In [91]:
#import necessary library.
import tensorflow as tf
import keras
from sklearn.model_selection import train_test_split
from sklearn.preprocessing import StandardScaler
import numpy as np

In [92]:
# Load the dataset.
fashion_mnist = keras.datasets.fashion_mnist
(x_train_full,y_train_full),(x_test,y_test) = fashion_mnist.load_data()
x_valid, x_train = x_train_full[:5000]/255.0, x_train_full[5000:]/255.0
y_valid, y_train = y_train_full[:5000], y_train_full[5000:]
classes_name = ['top','trouser','pullover','dress','coat','sandel','shirt','sneaker','bag','ankel_foot']

In [93]:
# model buliding
model = keras.models.Sequential()
model.add(keras.layers.Flatten(input_shape=[28,28]))
model.add(keras.layers.BatchNormalization())
model.add(keras.layers.Dense(300, kernel_initializer='he_normal'))
model.add(keras.layers.BatchNormalization())
model.add(keras.layers.Activation('elu'))
model.add(keras.layers.Dense(100, kernel_initializer='he_normal'))
model.add(keras.layers.Activation('elu'))
model.add(keras.layers.BatchNormalization())
model.add(keras.layers.Dense(10, activation="softmax"))

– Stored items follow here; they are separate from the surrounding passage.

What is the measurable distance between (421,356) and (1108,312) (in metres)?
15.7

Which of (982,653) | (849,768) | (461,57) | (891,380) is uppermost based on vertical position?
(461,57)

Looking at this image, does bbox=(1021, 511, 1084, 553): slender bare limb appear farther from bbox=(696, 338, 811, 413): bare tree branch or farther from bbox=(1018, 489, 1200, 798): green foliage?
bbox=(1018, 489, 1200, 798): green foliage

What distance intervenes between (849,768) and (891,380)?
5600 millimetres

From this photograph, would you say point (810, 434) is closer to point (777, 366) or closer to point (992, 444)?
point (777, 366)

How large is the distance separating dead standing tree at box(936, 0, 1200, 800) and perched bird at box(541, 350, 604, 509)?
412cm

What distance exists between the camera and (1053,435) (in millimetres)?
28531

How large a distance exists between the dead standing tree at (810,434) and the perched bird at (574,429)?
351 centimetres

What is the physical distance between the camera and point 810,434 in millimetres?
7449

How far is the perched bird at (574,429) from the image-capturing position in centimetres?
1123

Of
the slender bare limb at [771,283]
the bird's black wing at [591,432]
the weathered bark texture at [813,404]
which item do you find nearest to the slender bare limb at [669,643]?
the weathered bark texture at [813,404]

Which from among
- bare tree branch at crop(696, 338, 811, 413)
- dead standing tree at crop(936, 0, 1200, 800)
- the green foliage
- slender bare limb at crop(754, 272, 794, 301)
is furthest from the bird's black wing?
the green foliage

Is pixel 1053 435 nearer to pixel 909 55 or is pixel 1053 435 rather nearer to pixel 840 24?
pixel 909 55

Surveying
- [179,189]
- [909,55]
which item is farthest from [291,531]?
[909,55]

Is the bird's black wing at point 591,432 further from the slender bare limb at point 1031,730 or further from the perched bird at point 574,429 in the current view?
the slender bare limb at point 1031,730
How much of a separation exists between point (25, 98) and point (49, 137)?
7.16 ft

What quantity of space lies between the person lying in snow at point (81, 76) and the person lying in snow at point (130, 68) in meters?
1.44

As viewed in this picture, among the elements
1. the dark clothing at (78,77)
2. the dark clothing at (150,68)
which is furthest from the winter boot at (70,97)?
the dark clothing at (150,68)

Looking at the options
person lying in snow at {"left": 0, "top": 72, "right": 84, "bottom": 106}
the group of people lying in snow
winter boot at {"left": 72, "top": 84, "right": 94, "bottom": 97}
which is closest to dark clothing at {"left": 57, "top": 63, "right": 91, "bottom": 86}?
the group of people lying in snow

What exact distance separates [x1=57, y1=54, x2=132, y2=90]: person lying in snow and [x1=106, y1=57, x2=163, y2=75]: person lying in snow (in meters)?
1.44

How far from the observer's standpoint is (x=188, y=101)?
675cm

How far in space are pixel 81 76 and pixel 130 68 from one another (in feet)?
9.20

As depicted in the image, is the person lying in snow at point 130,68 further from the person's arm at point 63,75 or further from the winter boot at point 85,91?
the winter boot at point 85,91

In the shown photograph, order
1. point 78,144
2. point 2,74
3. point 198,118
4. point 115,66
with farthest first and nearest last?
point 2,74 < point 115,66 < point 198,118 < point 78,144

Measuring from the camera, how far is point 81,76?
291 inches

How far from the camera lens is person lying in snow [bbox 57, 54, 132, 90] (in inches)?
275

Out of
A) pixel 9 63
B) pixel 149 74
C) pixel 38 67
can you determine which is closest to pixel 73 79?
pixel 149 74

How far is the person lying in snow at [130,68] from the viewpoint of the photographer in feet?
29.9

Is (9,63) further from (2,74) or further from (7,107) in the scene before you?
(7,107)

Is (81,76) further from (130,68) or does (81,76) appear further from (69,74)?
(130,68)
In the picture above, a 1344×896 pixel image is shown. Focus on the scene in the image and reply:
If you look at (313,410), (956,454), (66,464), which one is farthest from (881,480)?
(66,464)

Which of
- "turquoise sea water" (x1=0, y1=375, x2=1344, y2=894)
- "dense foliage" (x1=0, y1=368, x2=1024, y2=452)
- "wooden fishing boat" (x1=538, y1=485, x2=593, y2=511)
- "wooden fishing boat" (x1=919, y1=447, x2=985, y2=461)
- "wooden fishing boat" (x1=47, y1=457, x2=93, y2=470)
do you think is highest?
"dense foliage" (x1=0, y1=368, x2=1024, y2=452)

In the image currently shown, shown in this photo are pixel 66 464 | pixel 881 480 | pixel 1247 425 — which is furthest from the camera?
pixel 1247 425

### Why batch normalization?
> prevent from Internal Covariate Shift

The key issue that batch normalisation tackles is internal covariate shift. Internal covariate shift occurs due to the very nature of neural networks. At every epoch of training, weights are updated and different data is being processed, which means that the inputs to a neuron is slightly different every time. As these changes get passed on to the next neuron, it creates a situation where the input distribution of every neuron is different at every epoch.

Normally, this is not a big deal, but in deep networks, these small changes in input distribution add up fast and amplify greatly deeper into the network. Ultimately, the input distribution received by the deepest neurons changes greatly between every epoch.

As a result, these neurons need to continuously adapt to the changing input distribution, meaning that their learning capabilities are severely bottlenecked. This constantly changing input distribution is called internal covariate shift.

> To avoid vanishing and exploding gradient problem



##### Gradient clipping
> Another popular technique ti lessen exploding gradient problem is to simple clip the gradient during backpropagation so that they never exceed some thresold this is called **gradient clipping**. This method impelemented as follow:  


In [110]:
optimizer = tf.keras.optimizers.SGD(clipvalue=1.0) 

> this will clip every component of gradient between -1 to 1.

In [94]:
model.summary()

Model: "sequential_8"
_________________________________________________________________
Layer (type)                 Output Shape              Param #   
flatten_8 (Flatten)          (None, 784)               0         
_________________________________________________________________
batch_normalization_13 (Batc (None, 784)               3136      
_________________________________________________________________
dense_22 (Dense)             (None, 300)               235500    
_________________________________________________________________
batch_normalization_14 (Batc (None, 300)               1200      
_________________________________________________________________
activation_15 (Activation)   (None, 300)               0         
_________________________________________________________________
dense_23 (Dense)             (None, 100)               30100     
_________________________________________________________________
activation_16 (Activation)   (None, 100)              

In [95]:
model.compile(optimizer='adam', loss='sparse_categorical_crossentropy', metrics=['accuracy'])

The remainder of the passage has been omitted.